Exercise objective: Between the line containing "Gebraucht Mercedes V300" and the line containing "2025 Hyundai ELANTRA HEV Blue" lies a run of lines; give that run again exactly, with both of those lines, and nothing else from the entries below.

(Records from a data collection)
■ ■ ■ ■
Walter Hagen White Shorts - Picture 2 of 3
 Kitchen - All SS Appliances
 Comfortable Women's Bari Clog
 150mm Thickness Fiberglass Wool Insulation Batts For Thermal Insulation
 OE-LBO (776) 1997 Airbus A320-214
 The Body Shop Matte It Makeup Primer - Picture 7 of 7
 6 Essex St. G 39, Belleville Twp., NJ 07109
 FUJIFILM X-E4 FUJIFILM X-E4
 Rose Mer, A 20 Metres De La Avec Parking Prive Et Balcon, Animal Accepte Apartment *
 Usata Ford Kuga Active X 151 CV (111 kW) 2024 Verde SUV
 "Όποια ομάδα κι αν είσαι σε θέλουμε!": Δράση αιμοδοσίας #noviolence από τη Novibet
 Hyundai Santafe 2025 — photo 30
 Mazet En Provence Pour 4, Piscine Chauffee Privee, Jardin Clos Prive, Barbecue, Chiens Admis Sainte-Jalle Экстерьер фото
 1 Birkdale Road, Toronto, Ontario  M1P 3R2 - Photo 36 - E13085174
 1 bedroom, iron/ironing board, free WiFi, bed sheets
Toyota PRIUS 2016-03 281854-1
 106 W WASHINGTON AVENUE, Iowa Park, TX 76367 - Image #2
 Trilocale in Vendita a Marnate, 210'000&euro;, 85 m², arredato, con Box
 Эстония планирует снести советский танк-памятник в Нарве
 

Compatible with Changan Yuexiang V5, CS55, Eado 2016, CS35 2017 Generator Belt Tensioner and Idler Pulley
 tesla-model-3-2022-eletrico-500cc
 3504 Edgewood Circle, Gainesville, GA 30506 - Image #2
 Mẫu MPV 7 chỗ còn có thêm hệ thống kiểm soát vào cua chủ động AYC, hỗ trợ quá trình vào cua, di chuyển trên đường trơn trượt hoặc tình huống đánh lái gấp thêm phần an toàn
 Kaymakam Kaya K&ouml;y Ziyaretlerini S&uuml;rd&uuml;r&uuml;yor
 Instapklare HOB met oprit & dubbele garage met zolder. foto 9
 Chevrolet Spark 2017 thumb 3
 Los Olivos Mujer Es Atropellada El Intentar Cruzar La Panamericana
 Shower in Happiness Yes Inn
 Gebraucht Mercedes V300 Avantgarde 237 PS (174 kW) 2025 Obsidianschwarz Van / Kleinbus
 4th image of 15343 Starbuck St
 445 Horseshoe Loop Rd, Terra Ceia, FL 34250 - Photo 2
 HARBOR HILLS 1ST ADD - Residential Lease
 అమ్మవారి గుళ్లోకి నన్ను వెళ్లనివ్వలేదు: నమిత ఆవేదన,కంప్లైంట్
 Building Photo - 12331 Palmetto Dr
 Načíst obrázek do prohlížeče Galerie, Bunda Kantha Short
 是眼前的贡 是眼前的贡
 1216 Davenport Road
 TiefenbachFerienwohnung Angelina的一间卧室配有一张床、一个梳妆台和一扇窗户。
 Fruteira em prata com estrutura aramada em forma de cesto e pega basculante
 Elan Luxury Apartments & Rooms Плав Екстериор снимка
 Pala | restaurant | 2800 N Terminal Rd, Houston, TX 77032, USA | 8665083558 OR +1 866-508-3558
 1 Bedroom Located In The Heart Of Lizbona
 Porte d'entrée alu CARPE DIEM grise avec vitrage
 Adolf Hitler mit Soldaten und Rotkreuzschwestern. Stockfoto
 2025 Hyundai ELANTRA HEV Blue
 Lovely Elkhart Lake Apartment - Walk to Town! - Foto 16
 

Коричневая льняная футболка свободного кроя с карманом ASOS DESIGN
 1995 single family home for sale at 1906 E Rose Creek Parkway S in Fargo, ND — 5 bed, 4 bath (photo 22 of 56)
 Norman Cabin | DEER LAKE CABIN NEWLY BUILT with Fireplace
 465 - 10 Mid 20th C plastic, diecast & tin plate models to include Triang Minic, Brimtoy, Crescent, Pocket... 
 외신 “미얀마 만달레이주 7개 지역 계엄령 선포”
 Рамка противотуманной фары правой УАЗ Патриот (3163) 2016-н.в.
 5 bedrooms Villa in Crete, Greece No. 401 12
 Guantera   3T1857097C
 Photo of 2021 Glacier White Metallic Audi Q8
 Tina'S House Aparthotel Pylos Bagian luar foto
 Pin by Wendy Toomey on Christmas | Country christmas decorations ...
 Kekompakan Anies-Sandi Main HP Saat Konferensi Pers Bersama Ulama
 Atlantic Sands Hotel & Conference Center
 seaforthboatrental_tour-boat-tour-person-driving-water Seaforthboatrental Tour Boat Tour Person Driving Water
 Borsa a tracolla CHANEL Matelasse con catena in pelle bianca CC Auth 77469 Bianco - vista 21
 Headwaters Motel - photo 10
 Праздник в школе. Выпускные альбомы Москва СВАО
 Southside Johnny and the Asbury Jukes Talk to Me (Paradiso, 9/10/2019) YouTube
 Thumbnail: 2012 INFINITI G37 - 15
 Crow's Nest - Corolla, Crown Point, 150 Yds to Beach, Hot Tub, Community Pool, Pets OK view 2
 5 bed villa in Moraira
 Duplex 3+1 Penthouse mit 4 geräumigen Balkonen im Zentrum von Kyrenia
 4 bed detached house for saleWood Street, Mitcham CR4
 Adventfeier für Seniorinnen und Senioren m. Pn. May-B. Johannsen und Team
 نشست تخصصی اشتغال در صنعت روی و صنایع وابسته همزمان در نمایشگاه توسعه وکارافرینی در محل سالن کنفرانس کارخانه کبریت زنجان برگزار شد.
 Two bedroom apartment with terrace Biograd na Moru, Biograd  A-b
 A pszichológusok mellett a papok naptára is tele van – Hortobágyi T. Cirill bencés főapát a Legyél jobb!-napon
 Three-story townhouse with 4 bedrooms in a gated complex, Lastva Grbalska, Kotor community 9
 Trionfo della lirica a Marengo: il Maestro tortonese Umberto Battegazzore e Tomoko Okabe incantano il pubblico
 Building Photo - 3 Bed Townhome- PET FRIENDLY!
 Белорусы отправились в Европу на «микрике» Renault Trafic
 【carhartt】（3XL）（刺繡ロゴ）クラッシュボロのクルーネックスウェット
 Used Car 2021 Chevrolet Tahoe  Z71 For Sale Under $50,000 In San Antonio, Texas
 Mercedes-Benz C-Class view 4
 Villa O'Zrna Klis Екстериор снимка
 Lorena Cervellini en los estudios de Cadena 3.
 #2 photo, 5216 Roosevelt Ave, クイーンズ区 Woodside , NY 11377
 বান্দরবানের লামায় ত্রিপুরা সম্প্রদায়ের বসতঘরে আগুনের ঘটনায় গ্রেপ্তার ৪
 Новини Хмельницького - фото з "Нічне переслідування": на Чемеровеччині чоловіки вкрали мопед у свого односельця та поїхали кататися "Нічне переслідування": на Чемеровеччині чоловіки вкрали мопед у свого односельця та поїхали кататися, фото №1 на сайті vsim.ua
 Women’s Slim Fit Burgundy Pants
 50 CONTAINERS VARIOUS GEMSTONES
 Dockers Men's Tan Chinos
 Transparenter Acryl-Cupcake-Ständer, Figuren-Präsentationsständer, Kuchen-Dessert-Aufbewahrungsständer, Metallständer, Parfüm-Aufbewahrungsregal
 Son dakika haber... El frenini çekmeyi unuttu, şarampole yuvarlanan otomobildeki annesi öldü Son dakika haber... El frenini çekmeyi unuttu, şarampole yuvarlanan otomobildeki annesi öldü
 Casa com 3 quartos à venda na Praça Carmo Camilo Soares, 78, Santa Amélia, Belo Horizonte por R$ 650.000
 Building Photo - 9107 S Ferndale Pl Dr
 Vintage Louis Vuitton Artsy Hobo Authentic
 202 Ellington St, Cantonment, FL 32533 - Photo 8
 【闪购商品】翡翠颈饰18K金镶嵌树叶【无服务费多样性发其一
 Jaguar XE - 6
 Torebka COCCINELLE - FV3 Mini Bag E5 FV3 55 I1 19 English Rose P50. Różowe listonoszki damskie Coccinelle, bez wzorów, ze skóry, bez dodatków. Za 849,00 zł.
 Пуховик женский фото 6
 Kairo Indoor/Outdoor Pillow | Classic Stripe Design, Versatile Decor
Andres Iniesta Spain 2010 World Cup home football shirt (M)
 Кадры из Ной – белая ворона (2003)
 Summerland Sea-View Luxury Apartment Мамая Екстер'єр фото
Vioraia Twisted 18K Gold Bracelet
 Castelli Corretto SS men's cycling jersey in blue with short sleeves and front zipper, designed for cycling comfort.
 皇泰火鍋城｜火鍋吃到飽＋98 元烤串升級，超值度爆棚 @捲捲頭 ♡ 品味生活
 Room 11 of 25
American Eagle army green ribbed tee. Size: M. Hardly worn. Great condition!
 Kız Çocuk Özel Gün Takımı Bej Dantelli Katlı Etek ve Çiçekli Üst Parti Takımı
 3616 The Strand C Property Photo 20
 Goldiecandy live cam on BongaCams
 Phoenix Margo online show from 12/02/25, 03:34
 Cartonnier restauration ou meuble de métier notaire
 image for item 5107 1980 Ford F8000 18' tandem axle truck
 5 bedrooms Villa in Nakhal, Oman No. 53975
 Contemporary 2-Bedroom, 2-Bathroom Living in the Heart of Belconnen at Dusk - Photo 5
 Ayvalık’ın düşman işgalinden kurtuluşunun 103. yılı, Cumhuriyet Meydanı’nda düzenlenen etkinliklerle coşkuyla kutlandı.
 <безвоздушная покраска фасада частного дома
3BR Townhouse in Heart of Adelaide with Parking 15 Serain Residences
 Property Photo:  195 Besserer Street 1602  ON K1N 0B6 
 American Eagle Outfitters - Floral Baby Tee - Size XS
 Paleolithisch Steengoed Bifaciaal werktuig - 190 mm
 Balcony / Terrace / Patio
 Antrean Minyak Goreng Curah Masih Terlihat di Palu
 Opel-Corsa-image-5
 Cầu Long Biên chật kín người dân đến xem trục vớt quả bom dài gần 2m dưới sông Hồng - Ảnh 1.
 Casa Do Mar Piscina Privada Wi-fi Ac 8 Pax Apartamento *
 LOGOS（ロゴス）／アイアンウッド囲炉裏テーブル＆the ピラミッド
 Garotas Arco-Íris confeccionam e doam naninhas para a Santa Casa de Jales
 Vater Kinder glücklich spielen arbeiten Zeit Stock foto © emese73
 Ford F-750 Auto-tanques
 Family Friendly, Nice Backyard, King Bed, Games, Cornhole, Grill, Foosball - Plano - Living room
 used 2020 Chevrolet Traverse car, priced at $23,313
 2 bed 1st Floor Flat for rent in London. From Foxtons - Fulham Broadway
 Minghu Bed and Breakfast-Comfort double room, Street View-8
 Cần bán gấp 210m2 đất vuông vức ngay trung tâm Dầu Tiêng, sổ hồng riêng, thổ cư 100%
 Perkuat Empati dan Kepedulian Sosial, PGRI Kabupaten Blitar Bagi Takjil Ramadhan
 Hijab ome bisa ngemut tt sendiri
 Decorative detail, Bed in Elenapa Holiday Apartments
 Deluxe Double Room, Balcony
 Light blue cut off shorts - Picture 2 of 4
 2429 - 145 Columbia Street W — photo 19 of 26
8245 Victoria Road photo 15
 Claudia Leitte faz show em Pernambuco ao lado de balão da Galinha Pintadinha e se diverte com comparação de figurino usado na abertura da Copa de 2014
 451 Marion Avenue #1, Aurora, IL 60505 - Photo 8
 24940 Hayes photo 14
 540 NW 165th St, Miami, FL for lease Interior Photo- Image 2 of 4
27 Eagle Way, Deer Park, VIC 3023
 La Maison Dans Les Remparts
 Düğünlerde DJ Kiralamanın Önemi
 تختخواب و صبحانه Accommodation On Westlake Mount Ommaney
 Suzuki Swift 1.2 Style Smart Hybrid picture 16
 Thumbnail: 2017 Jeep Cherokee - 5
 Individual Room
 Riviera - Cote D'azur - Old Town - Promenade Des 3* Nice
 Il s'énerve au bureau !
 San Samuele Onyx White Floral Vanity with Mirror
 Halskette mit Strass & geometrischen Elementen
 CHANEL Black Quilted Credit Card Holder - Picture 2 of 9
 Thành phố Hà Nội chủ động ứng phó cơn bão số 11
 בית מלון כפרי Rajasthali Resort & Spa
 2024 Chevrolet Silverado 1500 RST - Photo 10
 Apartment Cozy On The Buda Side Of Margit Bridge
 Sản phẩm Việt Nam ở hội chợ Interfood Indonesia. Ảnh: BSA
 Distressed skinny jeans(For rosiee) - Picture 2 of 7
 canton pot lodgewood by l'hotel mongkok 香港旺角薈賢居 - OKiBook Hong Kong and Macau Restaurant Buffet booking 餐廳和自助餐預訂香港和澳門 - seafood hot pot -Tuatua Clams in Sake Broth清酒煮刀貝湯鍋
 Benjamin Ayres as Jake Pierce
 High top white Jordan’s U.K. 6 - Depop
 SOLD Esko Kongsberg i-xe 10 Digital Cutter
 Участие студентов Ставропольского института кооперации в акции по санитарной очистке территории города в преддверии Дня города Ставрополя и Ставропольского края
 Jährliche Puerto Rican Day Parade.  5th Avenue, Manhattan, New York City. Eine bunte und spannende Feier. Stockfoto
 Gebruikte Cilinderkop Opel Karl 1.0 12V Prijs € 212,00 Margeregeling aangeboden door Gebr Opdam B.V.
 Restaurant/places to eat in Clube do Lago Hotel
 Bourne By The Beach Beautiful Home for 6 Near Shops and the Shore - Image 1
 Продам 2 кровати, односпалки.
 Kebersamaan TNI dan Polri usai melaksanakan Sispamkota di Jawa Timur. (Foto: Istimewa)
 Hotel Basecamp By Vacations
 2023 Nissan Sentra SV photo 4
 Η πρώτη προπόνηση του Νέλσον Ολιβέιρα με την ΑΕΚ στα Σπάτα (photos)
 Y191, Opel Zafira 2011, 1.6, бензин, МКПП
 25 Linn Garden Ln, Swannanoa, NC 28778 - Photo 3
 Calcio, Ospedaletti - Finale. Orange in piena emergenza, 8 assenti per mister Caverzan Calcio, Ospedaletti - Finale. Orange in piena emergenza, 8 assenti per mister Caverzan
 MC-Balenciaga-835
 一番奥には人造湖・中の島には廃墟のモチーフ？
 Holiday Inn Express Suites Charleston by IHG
■ ■ ■ ■
Worked solution:
 Gebraucht Mercedes V300 Avantgarde 237 PS (174 kW) 2025 Obsidianschwarz Van / Kleinbus
 4th image of 15343 Starbuck St
 445 Horseshoe Loop Rd, Terra Ceia, FL 34250 - Photo 2
 HARBOR HILLS 1ST ADD - Residential Lease
 అమ్మవారి గుళ్లోకి నన్ను వెళ్లనివ్వలేదు: నమిత ఆవేదన,కంప్లైంట్
 Building Photo - 12331 Palmetto Dr
 Načíst obrázek do prohlížeče Galerie, Bunda Kantha Short
 是眼前的贡 是眼前的贡
 1216 Davenport Road
 TiefenbachFerienwohnung Angelina的一间卧室配有一张床、一个梳妆台和一扇窗户。
 Fruteira em prata com estrutura aramada em forma de cesto e pega basculante
 Elan Luxury Apartments & Rooms Плав Екстериор снимка
 Pala | restaurant | 2800 N Terminal Rd, Houston, TX 77032, USA | 8665083558 OR +1 866-508-3558
 1 Bedroom Located In The Heart Of Lizbona
 Porte d'entrée alu CARPE DIEM grise avec vitrage
 Adolf Hitler mit Soldaten und Rotkreuzschwestern. Stockfoto
 2025 Hyundai ELANTRA HEV Blue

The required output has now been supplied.